Según el español, Volcker afirmaba en su época: “La inflación es como la pasta de dientes, muy fácil de sacar del tubo, imposible de volver a meterla una vez que ha salido”.
La tasa de inflación promedio en la Argentina en los últimos 100 años fue de 105%, aproximadamente (el máximo histórico se dio en 1989, con 3079%). En la historia moderna, son más los gobiernos que han tenido que plantearse cómo atacar las causas o palear los efectos del aumento crónico de precios, que los que han tenido un respiro, en algún período esporádico de bonanza. Los últimos años, y los que están por venir, no son de estos últimos. Economistas, funcionarios, empresarios pero, fundamentalmente, consumidores, se preguntan cómo y cuándo volveremos a una inflación con parámetros considerados normales.
Los cinco economistas consultados por LA NACION para esta nota coinciden en un punto: no existe posibilidad de reducir el índice de aumento de precios sin un programa de estabilización macroeconómica, sin expectativas basadas en la confianza y sin sostenibilidad en el tiempo. Son ideas ya conocidas y algo teóricas. En definitiva, los tres “pilares” son flexibles y pueden adaptarse a múltiples tipos de planes a mediano plazo. Solo son incompatibles con un solo plan: no tener ningún plan.
Desde 1952, cuando la Argentina registró su primer índice de inflación de dos dígitos, hasta nuestros días, hubo ocho intentos de controlarla o eliminarla, según contabiliza Eduardo Fracchia, director del IAE Business School de la Universidad Austral. Hubo un intento de Juan Domingo Perón en su segunda presidencia; otro, en el mandato de Arturo Frondizi; luego, el plan Krieger Vasena; el “control forzado de corset” de José Ber Gelbard; la “tablita” de los años 70; el Plan Austral; la estabilización de Bunge y Born y, por último, el plan de Domingo Cavallo en la década del 90. “Solo uno de ellos fue exitoso y hoy tiene una memoria política terrible”, concluye Fracchia.

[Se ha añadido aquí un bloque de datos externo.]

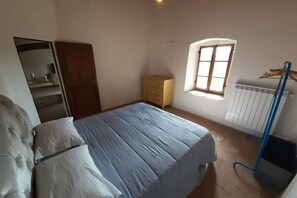 Une chambre à coucher avec un lit, une armoire, un radiateur et une fenêtre.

En los 78 años transcurridos entre 1944 y 2022, tan solo en ocho no hubo inflación, según un estudio de la Cámara Argentina de Comercio y Servicios. Seis de esos años están en el período de 1996 a 2001.
¿Y ahora? Según el economista, “no está dado el ambiente para un gran plan de estabilización. Para hacerlo, se necesita poder y, actualmente, no hay gobernabilidad. La inflación será de entre 50% y 70% en los próximos dos años”.
En similar línea opina Miguel Kiguel, director ejecutivo de la consultora EconViews y doctor de Economía por la Universidad de Columbia. “Por parte del Gobierno, hoy solo hay grandes enunciados de que la inflación es multicausal, por expectativas o inercial. El único plan presente es el del Fondo Monetario Internacional (FMI), que solo va a lograr que no siga empeorando el panorama”, afirma.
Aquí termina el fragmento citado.